All the possible units and their associated observations of interest
Scientists are often interested in making inferences about populations, but measuring every unit is impractical

Samples

A collection of observations from any population is a sample, and the number of observations in it is the sample size
We assume samples that we collect can be used to make inferences about the population
NEW: Samples need to be representative of the population

Statistics vs parameters

Characteristics of the population are called parameters (e.g. the true average height of all trees in a forest)
Characteristics of the sample are called statistics (e.g. the average height of 30 trees that we measured)
In practice, we usually don’t know the true population parameters, so we use sample statistics as our best estimates
Drawing conclusions about a population from sample data is called statistical inference

Not all statistical techniques are inferential – some are purely descriptive (e.g. summarising data with graphs or tables) – but inference is the main focus of this course.

Sample data

Sample data are usually collected as variables – the characteristics we measure or record from each unit in our sample.

Variables can be:

Categorical Variables

Nominal: categories without a natural order (e.g. soil type, land use)
Ordinal: categories with a natural order (e.g. soil quality: poor, fair, good)

Numerical Variables

Continuous: can take any value within a range (e.g. height, temperature)
Discrete: can take only specific values (e.g. number of species, presence/absence)

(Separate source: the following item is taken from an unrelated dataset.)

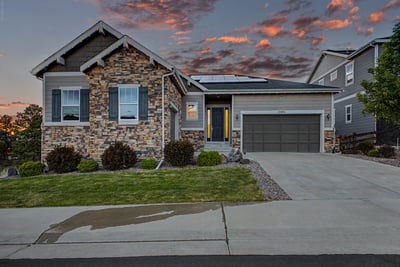 Modern home with stone accents, solar panels, and a spacious lawn, ideal for comfortable living.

Variable types can overlap

The categories on the previous slide are useful guidelines, but in practice, variables can cross between types depending on how you use them.

Examples

height (in cm) – a numerical, continuous variable, but can be treated as categorical if you group it into categories (short, medium, tall)
age (in years) – a numerical, discrete variable, but often treated as continuous because the gaps between values are small relative to the range
treatment (A, B, C) – a categorical variable, but can be treated as numerical if we assign numbers to the treatments (1, 2, 3) and assume they are ordered e.g. effect of 1 < 2 < 3

Be careful when converting variables

Converting a numerical variable to a categorical one means losing information – once you group heights into “short”, “medium” and “tall”, the exact measurements are gone.

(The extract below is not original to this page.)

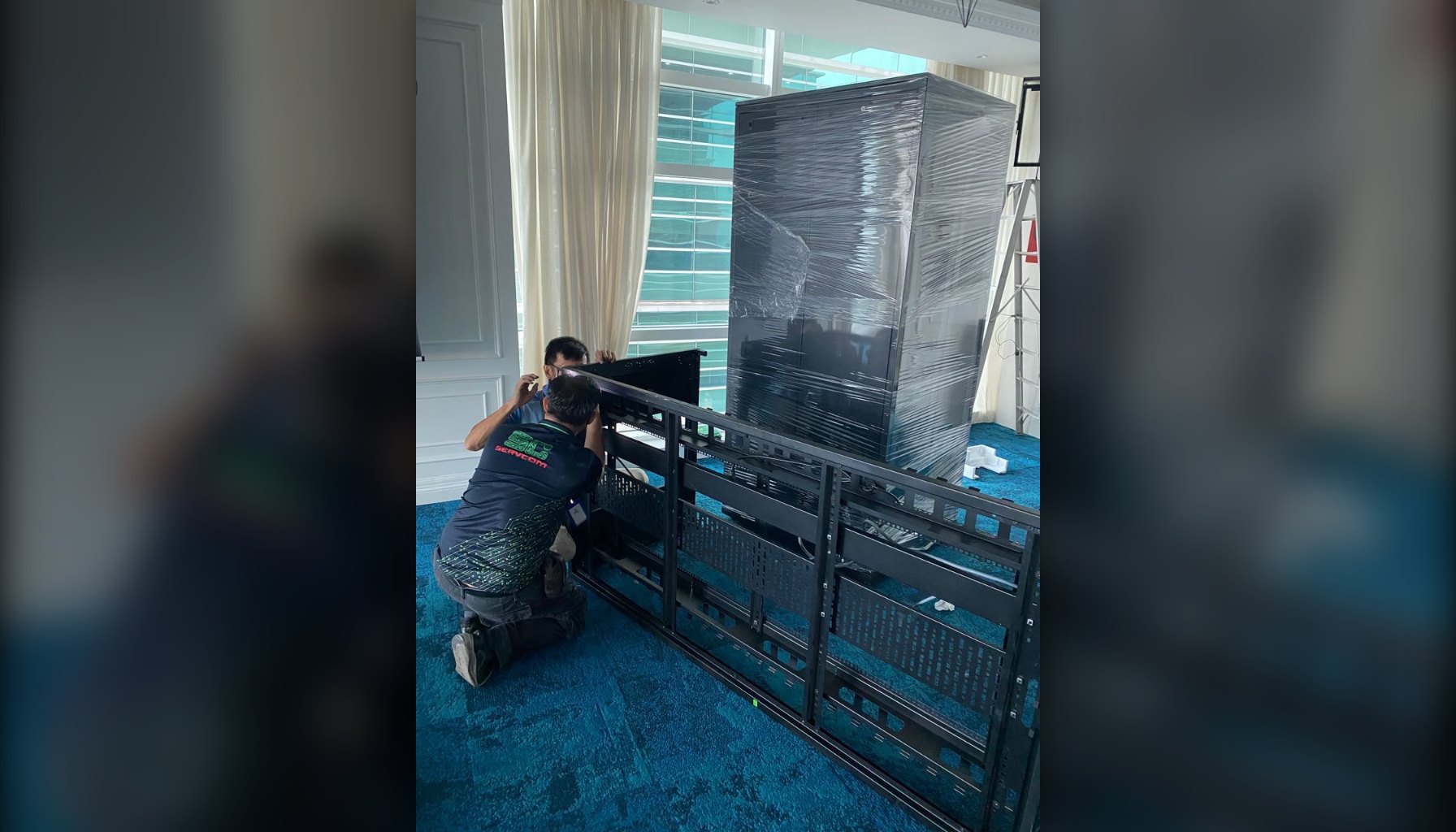 Servcom engineers dismantling a server rack during a server relocation in Kuala Lumpur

A tree that is 5.1 m and a tree that is 9.9 m might both be called “tall”, but they are very different
Only categorise when there is good reason to do so, as this reduces your analysis power
Going the other way (categorical → numerical) doesn’t lose data, but it does add assumptions – e.g. that your categories have a meaningful order

Distribution of data

Types of probability distributions

Populations can be described by probability distributions. You may have encountered these common ones in first-year statistics:

Normal Distribution: Bell-shaped curve, symmetric around the mean. Data is continuous (e.g. heights, weights)
Binomial Distribution: Models success/failure outcomes in a fixed number of trials. Data is discrete (e.g. how many seeds germinate out of 10 planted)
Poisson Distribution: Models count data over a fixed area or time period. Data is discrete (e.g. number of weeds found in a 1 m² quadrat)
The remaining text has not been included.